Consistently referencing The Wizard of Oz (1939), nearly to default and distraction, one wishes these fanciful homages could have been more skillfully streamlined into the narrative, for there’s much interest to be gleaned from the glossy drabness of Dorothy’s rural Kansas in comparison to the devastation of New Orleans’ ninth ward when somehow, there’s an insistent refrain that ‘there’s no place like home’ despite evidence of otherwise in both places and films.
But the happenings of Cut Throat City are hardly a metaphorical dream, and RZA kicks everything off with an opener wherein the four jovial friends discuss the problematics of Tarantino’s penchant for racial epithets as a white filmmaker (it should be noted RZA and Tarantino are also friendly collaborators) in the film Reservoir Dogs (1992), itself a film which opens with an unlikely but entertaining group of characters discussing the unexpected, albeit the merits of Madonna’s discography.

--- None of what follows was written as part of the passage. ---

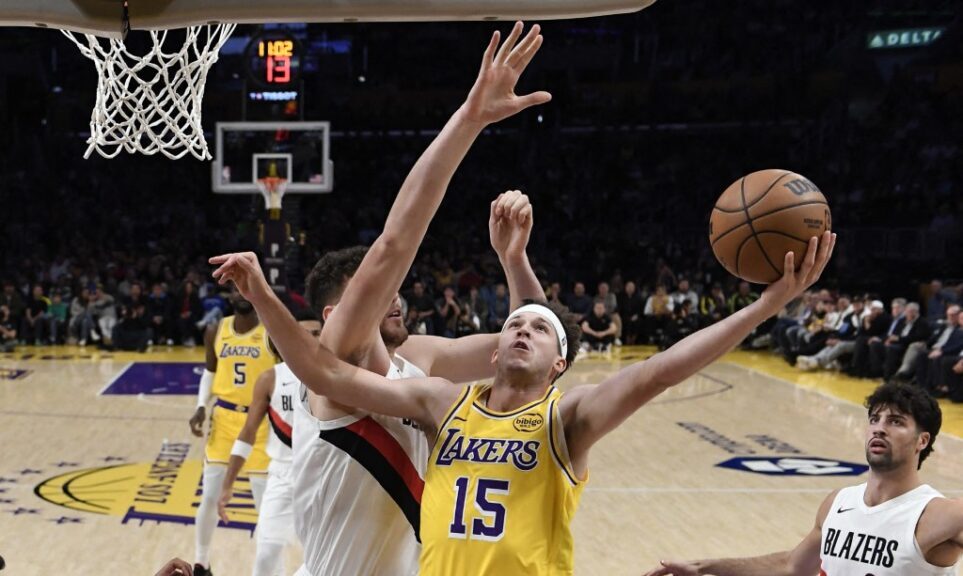 LOS ANGELES, CALIFORNIA - OCTOBER 27: Austin Reaves #15 of the Los Angeles Lakers shoots and scores against Donavan Clingan #23 of the Portland Trail Blazers during the first half at Crypto.com Arena on October 27, 2025 in Los Angeles, California. NOTE TO USER: User expressly acknowledges and agrees that, by downloading and or using this photograph, User is consenting to the terms and conditions of the Getty Images License Agreement. Kevork Djansezian/Getty Images/AFP (Photo by KEVORK DJANSEZIAN / GETTY IMAGES NORTH AMERICA / Getty Images via AFP)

Both Shameik Moore (the highlight and headliner of Rick Famuyiwa’s 2015 Dope) and Demetrius Shipp Jr. (who portrayed Tupac Shakur in All Eyez on Me, 2017) are standouts of RZA’s initial quartet, while some of the more notable cast members waffle between deliriously on-the-nose dialogue.
An early sequence with Moore applying for position as an illustrator at a local publication finds him belittled by Joel David Moore in a stilted exchange, while T.I., initially outfitted with some of the film’s more persuasive exchanges melding sinister tones and significant subtexts, quickly becomes a caricature.

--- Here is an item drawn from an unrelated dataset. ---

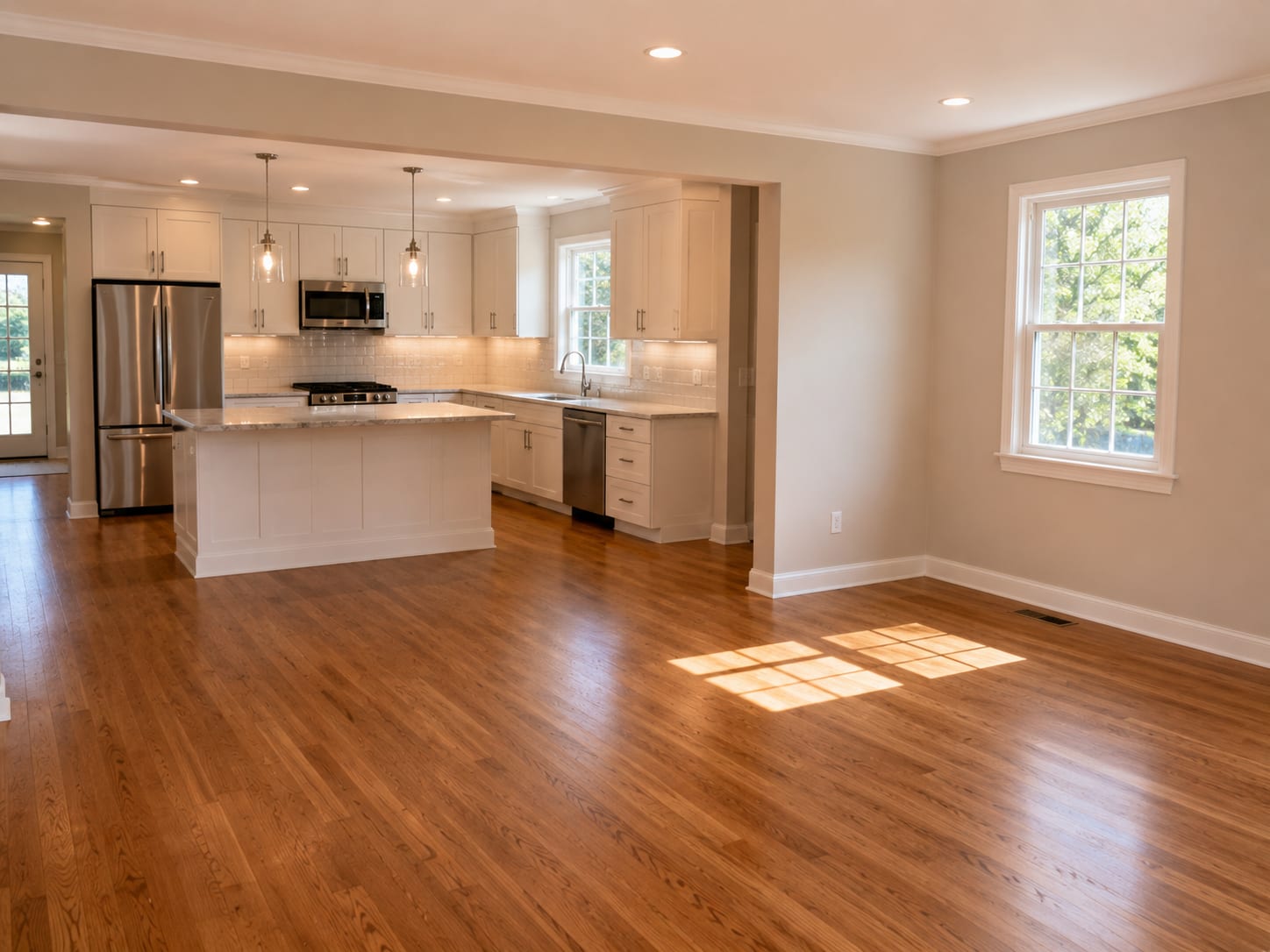 Bright open-plan kitchen and adjacent living area in a fully remodeled New Jersey colonial home showing new cabinetry, hardwood floors, and natural light flooding through a double-hung window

Cousin Bass, for whatever reason, has hypopigmentation, which looks distractingly fake, and then subjects minions who cross him to a caged raccoon who chews on their genitals for punishment—these are merely elements exploitation if not positioned correctly in a fittingly gritty mise en scene, but the superficiality of the script, and a fantastically paltry production design (featuring questionable lighting, and cinematographic zaniness which assist in disrupting tones, often within the same scene), aligns Cut Throat City with camp in these excessive sequences.
There are, of course, some interesting elements. Kat Graham as Blink’s wife manages to be compelling even as she’s lost in the swirl of the story. Rob Morgan is consummately entertaining as an undercover cop (who unfortunately shares a lot of screen time with the miscast Eiza Gonzalez as a ‘hardened’ detective) and Wesley Snipes as Moore’s father is a highlight. Even Isaiah Washington as a chain-smoking veterinarian showcases his screen presence. But they’re peripheral elements in a narrative which turns to Ethan Hawkes as a corrupt councilman and Terrence Howard as an enigmatic scion of the city’s underbelly, who seem a bit silly.

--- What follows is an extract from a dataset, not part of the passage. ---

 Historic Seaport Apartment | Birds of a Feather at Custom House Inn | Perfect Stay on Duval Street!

If RZA’s 2012 debut The Man with the Iron Fists suffered from some of his predilections (not unlike Tarantino) with elements which detract rather than enhance, and his 2017 sophomore film Love Beats Rhymes is woefully underrated considering its performances and production quality, both are a far cry from the woebegone feeling of Cut Throat City, a film which feels overbaked and in desperate need of editing.